Numerator degrees of freedom = number of x’s, in general called p.
Denominator degrees of freedom = n – p – 1, where n is the sample size. As an example, if n = 10 and p = 2 we would say the degrees of freedom are 2 and 7 where we start with the numerator value. You would see from a book (maybe page 672 of a stats book) the critical F is 4.74 when alpha is .05. Many times the book also has a table for alpha = .025 and .01.
In our example here the critical F is 4.74. If from the sample we get an F statistic that is greater than 4.74 we would reject the null and conclude the x’s as a package have a relationship with the variable y.
On the previous slide is an example and the F stat is 32.8784 and so the null hypothesis would be rejected in that case.
The computer printout has a number on it that means we do not even have to look at the F table if we do not want to. But, the idea is based on the table. Here you see 32.8784 is in the rejection region. I have colored in the tail area for this number. Since 4.74 has a tail area = alpha = .05 here, we know the tail area for 32.8784 must be less than .05. This tail area is the p-value for the test stat calculated from the sample and on the computer printout is labeled Significance F. In the example the value is .0003.
Using the F table,
Reject the null if the F stat > critical F in the table, or
If the Significance F < alpha.
If you can NOT reject the null then at this stage of the game there is no relation between the x’s and the y and our work here would be done. So from here out I assume we have rejected the null.
After the F test we would do a t test on each of the slopes similar to what we did in a simple linear regression case to make sure that each variable on its own has a relationship with y. There we reject the null of a zero slope when the p-value on the slope is less than alpha.
Can you say multicollinearity? Sure you can. Let’s all say it together on the count of 3. 1, 2, 3 multicollinearity! Very good class, now listen up!
Multicollinearity is an idea that volumes have been written about. We want to have a basic feel for the problem here.
You and I want x variables that help explain y. The reason is so that we can predict and explain movement in y. As an example, if we can predict and explain crop yield maybe we can make yield higher so that we can feed the world!
So, we want x’s that are correlated with y.
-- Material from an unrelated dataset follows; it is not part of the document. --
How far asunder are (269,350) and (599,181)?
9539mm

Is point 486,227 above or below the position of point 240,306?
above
This is a good thing. But, sometimes the x’s will be correlated with each other. This is called multicollinearity. The problem here is that sometimes we can not see the separate influence an x has on y because the other x’s have picked up the influence due to their correlation.
Let’s think about crop yield. Some farmers have water systems. The more it rains in a summer the less water the farmers directly apply. (Okay, maybe I am ignorant here and farmers here can use all the water they can apply – its an example.) If you included both inches of rain and water applied there is a correlation between the two. This may make it difficult to see the separate impact of either the rain or the water from the system.
If the x’s (the independent variables) have correlations more extreme than .7 or -.7 then multicollinearity could be a problem
r square on the regression printout is a measure designed to indicate the strength of the impact of the x’s on y. The number can be between 0 and 1, with values closer to 1 meaning the stronger the relationship.
r square is actually the percentage of the variation in y that is accounted for by the x variables. This is also an important idea because although we may have a significant relationship we may not be explaining much. From the yield example the more variation we can explain then the more we can control yield and thus feed the world, perhaps. Or maybe in business setting the more variation we can explain the more profit we can make.